### RAW DATA
__________________________________________________
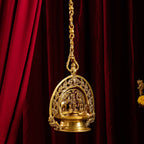 Brass Goddess Gaja Lakshmi Hanging Diya (38 Inch) Vedansh Craft
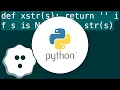 Python most idiomatic way to convert None to empty string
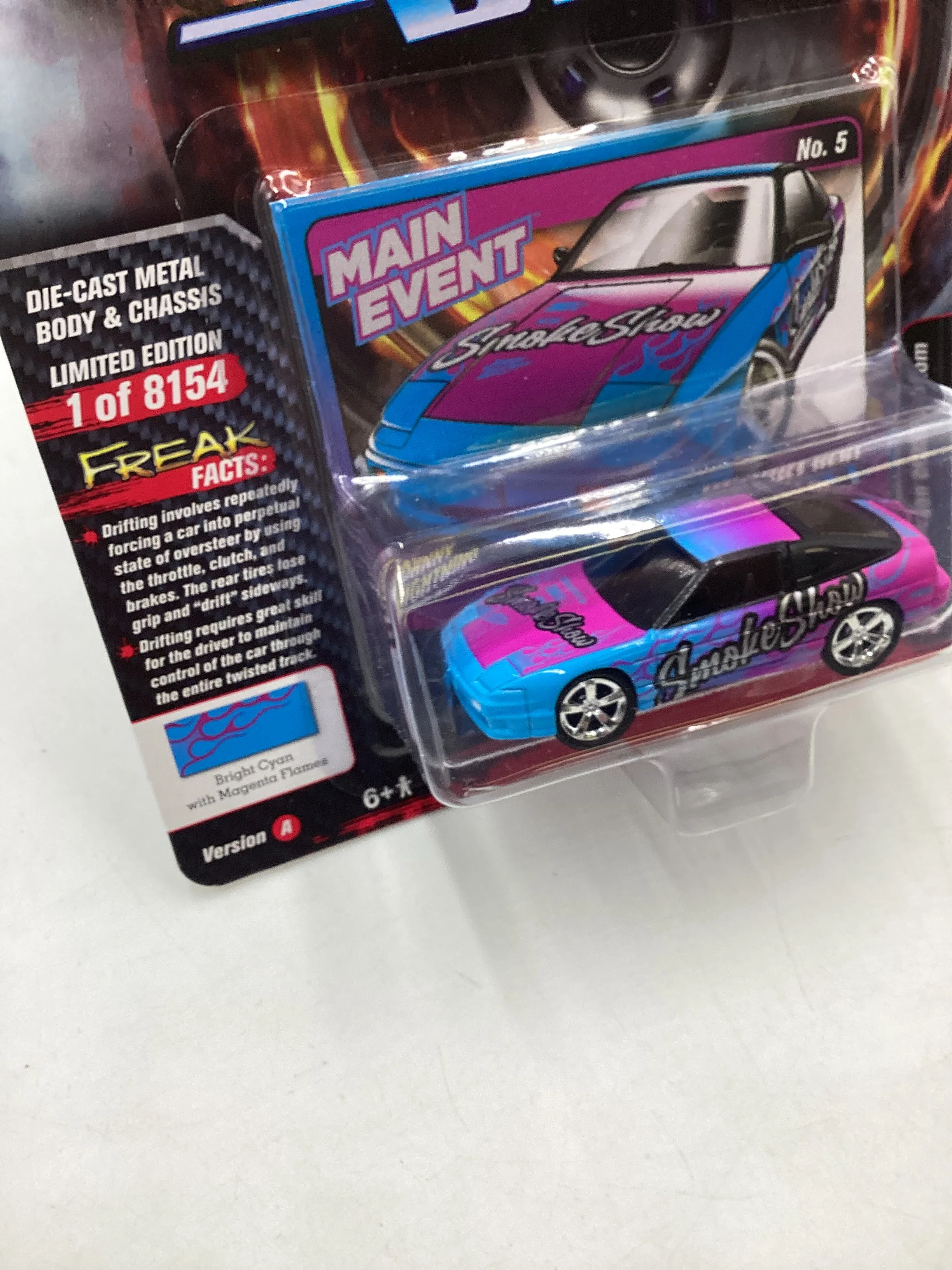 Johnny lightning Import Heat Drift 1990 Nissan 240sx Custom 221A - Image 5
__________________________________________________
### EXERCISE
Without reproducing any picture, repeat exactly the lines from the one containing "Python most idiomatic" through the last line of the material above, both ends included.

### RESULT
 Python most idiomatic way to convert None to empty string
 Johnny lightning Import Heat Drift 1990 Nissan 240sx Custom 221A - Image 5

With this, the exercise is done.